+++ Given information
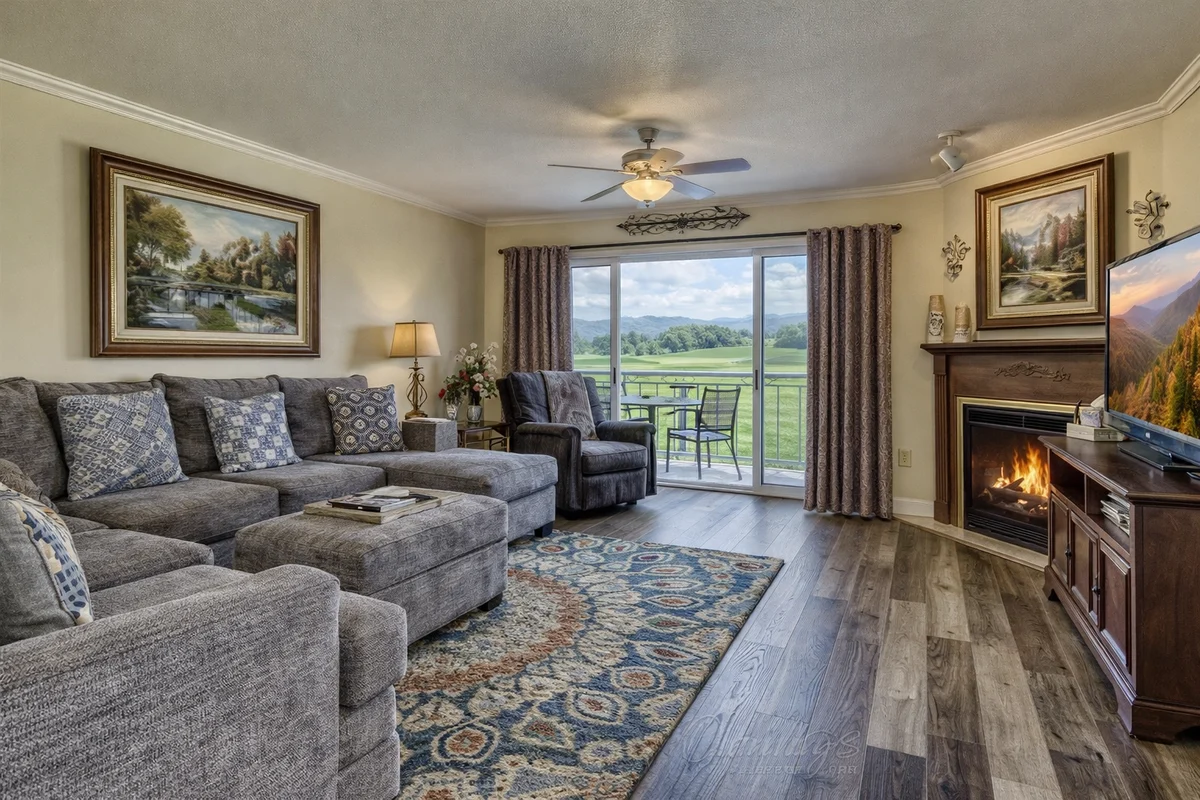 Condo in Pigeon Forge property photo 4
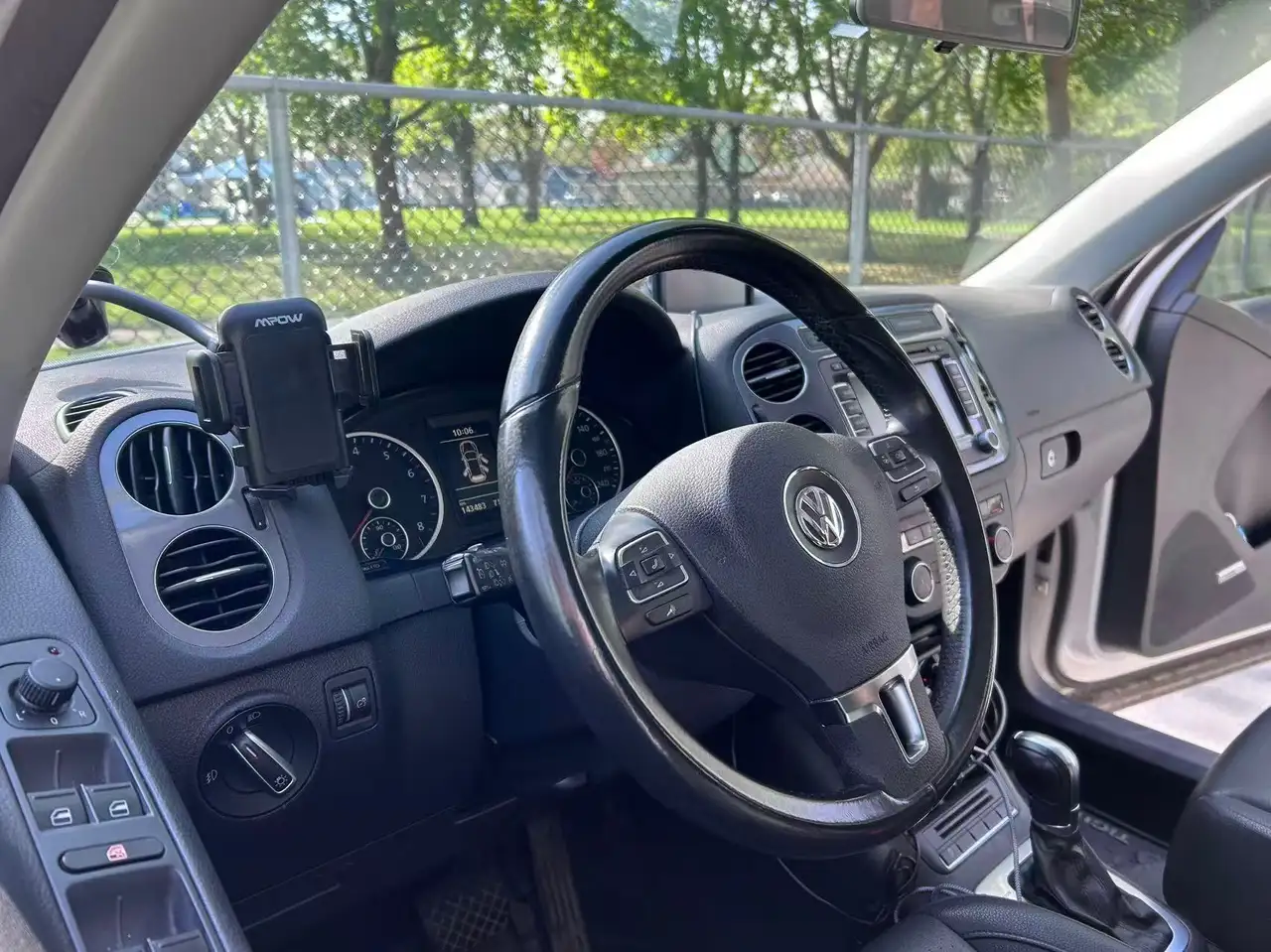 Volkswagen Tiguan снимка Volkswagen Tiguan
++++++
+++ Given information
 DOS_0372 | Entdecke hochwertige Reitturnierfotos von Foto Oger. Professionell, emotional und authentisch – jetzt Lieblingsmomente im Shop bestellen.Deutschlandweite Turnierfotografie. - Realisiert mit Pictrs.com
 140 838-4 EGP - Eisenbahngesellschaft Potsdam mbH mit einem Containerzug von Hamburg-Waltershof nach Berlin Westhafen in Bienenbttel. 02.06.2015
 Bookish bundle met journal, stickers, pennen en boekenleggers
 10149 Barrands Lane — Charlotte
++++++
What this task involves:
In the records above, everything from the line with "Condo in Pigeon Forge property photo 4" down to the line with "Volkswagen Tiguan снимка Volkswagen Tiguan" is to be set down exactly, both ends included, with no pictures and no other lines.

Solution to the exercise:
 Condo in Pigeon Forge property photo 4
 Volkswagen Tiguan снимка Volkswagen Tiguan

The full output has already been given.